ROLLER BOOGIE should have been a better film. I mean, director Mark L. Lester went on to make CLASS OF 1984 and COMMANDO, two films that go above-and-beyond in going over-the-top and that’s both films’ best virtue by far.

Not in ROLLER BOOGIE, though, which earns a ‘PG’ from the MPAA. It should have been ‘R.’

I’ll give one example.

Early on in the picture, we’re talking first few minutes here, our female lead Terry Barkley (Linda Blair) gets dressed and we sense there’s a missing nude scene, like they filmed one but left it on the cutting room floor. This early scene establishes the awkwardness that we sense around Blair’s character all movie.

We find Blair, who was in her late teens when she made ROLLER BOOGIE, in her transition period, between her breakout in THE EXORCIST (1973) and later exploitation films like CHAINED HEAT and SAVAGE STREETS. Maybe it’s because I watched ROLLER BOOGIE after her later films that I felt like the 1979 film teases us with possibilities that it ultimately did not want to pursue, undoubtedly for commercial reasons. The one song that should have been written for Blair: “I’m Not a Girl, Not Yet a Woman,” which was instead written for Britney Spears at the turn of the 21st Century.

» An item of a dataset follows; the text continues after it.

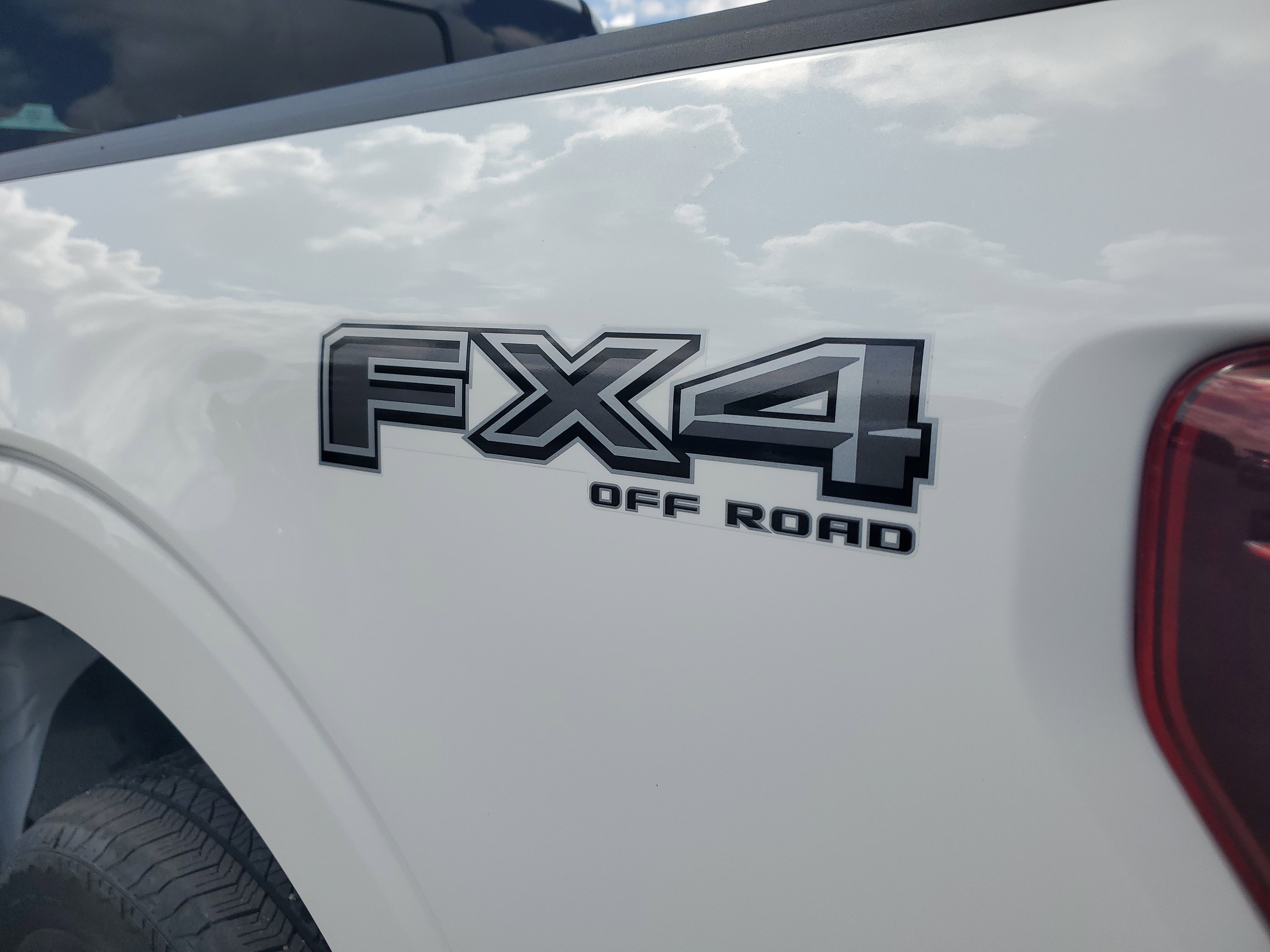 Used 2024 Ford F150 Platinum w/ Equipment Group 702A High AWD/4WD image 32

Rick James wrote “Cold Blooded” (title song for his 1983 album) about his relationship with Blair. “Cold Blooded” hit No. 40 on the Billboard Hot 100.

Upon further reflection, ROLLER BOOGIE does go above-and-beyond in recycling grand old cliches and stereotypes, pilfering from both the Mickey Rooney-Judy Garland “Let’s put on a show” movies of the late 1930s and early ‘40s and the Frankie Avalon-Annette Funicello BEACH PARTY movies of the early ‘60s in addition to SATURDAY NIGHT FEVER and the disco and roller skating fads more contemporaneous with ROLLER BOOGIE.

Like THANK GOD IT’S FRIDAY, ROLLER BOOGIE rattles off characters and scenes we have seen many times before.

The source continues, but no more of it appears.